■ **MATERIAL PROVIDED**
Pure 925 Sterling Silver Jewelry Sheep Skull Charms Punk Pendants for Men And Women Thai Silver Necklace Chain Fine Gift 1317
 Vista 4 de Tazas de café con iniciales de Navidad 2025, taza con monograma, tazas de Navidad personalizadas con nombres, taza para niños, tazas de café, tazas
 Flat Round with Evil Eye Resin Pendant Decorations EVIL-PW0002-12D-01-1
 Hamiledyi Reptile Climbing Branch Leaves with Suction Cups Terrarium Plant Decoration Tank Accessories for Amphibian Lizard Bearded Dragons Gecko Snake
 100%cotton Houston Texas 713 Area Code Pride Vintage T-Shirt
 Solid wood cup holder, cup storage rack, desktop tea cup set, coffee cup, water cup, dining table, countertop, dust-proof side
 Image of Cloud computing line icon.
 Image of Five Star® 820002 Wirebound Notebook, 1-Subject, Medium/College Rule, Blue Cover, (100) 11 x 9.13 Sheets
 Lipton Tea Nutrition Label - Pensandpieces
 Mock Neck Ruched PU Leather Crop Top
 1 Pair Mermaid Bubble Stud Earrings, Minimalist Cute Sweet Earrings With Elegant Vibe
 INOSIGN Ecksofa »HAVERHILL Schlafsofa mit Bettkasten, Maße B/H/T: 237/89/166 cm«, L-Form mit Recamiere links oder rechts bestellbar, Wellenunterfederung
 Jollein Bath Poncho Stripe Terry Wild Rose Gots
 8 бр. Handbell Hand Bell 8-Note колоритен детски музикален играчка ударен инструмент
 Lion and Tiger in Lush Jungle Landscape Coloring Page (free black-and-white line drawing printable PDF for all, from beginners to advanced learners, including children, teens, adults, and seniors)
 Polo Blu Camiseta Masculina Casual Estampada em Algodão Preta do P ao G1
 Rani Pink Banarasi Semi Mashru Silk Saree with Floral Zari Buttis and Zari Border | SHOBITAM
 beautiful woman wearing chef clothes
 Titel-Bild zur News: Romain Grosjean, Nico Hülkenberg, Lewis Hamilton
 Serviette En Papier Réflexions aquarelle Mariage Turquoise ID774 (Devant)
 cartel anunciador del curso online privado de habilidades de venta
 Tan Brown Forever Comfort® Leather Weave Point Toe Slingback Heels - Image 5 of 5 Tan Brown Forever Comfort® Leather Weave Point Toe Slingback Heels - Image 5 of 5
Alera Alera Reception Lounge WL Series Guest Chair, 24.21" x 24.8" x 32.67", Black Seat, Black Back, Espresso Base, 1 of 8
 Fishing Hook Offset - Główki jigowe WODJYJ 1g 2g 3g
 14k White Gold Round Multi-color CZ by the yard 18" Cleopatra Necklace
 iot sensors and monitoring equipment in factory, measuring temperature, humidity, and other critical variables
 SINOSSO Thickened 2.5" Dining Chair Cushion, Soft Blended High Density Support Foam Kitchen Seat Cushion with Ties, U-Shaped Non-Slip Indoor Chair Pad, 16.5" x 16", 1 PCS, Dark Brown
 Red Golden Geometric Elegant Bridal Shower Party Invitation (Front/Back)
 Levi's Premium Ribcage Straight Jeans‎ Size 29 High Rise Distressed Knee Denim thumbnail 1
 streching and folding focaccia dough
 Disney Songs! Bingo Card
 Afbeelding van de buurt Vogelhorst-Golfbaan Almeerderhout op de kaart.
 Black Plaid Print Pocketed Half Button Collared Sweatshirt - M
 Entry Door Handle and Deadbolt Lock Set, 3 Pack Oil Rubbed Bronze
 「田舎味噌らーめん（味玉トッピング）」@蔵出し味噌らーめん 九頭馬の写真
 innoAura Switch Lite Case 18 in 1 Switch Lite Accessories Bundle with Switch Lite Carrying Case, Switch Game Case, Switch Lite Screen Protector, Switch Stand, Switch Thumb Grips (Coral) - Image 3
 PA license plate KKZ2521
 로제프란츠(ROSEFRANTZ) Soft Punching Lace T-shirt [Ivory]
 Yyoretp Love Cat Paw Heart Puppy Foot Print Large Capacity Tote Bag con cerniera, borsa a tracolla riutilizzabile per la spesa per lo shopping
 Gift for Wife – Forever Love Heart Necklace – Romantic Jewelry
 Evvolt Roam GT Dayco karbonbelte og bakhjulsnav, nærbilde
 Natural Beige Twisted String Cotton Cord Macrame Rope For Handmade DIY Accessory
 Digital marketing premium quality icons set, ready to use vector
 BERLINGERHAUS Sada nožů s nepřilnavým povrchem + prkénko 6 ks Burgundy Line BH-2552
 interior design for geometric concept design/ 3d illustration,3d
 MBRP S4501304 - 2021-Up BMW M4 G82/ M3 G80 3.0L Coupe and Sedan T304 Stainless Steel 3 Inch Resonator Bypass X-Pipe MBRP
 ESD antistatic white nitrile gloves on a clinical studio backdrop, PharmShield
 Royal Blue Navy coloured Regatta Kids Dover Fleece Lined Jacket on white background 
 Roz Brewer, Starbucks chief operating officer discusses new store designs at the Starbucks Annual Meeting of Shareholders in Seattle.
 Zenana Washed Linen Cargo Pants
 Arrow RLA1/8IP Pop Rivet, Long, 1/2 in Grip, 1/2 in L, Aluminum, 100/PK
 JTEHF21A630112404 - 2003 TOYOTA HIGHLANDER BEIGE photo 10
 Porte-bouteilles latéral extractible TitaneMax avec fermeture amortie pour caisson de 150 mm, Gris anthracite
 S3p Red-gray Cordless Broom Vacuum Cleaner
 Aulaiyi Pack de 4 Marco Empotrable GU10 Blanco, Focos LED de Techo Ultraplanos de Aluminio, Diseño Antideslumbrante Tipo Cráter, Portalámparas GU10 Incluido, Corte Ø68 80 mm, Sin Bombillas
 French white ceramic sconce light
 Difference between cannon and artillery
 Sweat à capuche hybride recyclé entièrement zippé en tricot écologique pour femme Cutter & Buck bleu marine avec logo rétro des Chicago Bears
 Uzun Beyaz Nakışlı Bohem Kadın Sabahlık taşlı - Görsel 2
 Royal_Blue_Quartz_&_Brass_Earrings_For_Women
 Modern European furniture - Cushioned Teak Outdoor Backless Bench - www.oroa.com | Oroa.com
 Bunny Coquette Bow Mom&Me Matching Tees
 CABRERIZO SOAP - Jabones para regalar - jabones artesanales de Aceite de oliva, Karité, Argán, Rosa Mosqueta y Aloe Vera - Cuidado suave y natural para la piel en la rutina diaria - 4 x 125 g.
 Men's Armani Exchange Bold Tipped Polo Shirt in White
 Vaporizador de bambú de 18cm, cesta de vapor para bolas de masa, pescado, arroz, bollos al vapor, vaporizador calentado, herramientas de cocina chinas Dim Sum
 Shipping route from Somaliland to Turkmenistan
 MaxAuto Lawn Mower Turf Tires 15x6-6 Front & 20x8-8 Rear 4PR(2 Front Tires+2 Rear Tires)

■ **EXERCISE BRIEF**
Among the records, find every line with the word "Brown" and copy it.

■ **RESULT OF THIS TASK**
 Tan Brown Forever Comfort® Leather Weave Point Toe Slingback Heels - Image 5 of 5 Tan Brown Forever Comfort® Leather Weave Point Toe Slingback Heels - Image 5 of 5
 SINOSSO Thickened 2.5" Dining Chair Cushion, Soft Blended High Density Support Foam Kitchen Seat Cushion with Ties, U-Shaped Non-Slip Indoor Chair Pad, 16.5" x 16", 1 PCS, Dark Brown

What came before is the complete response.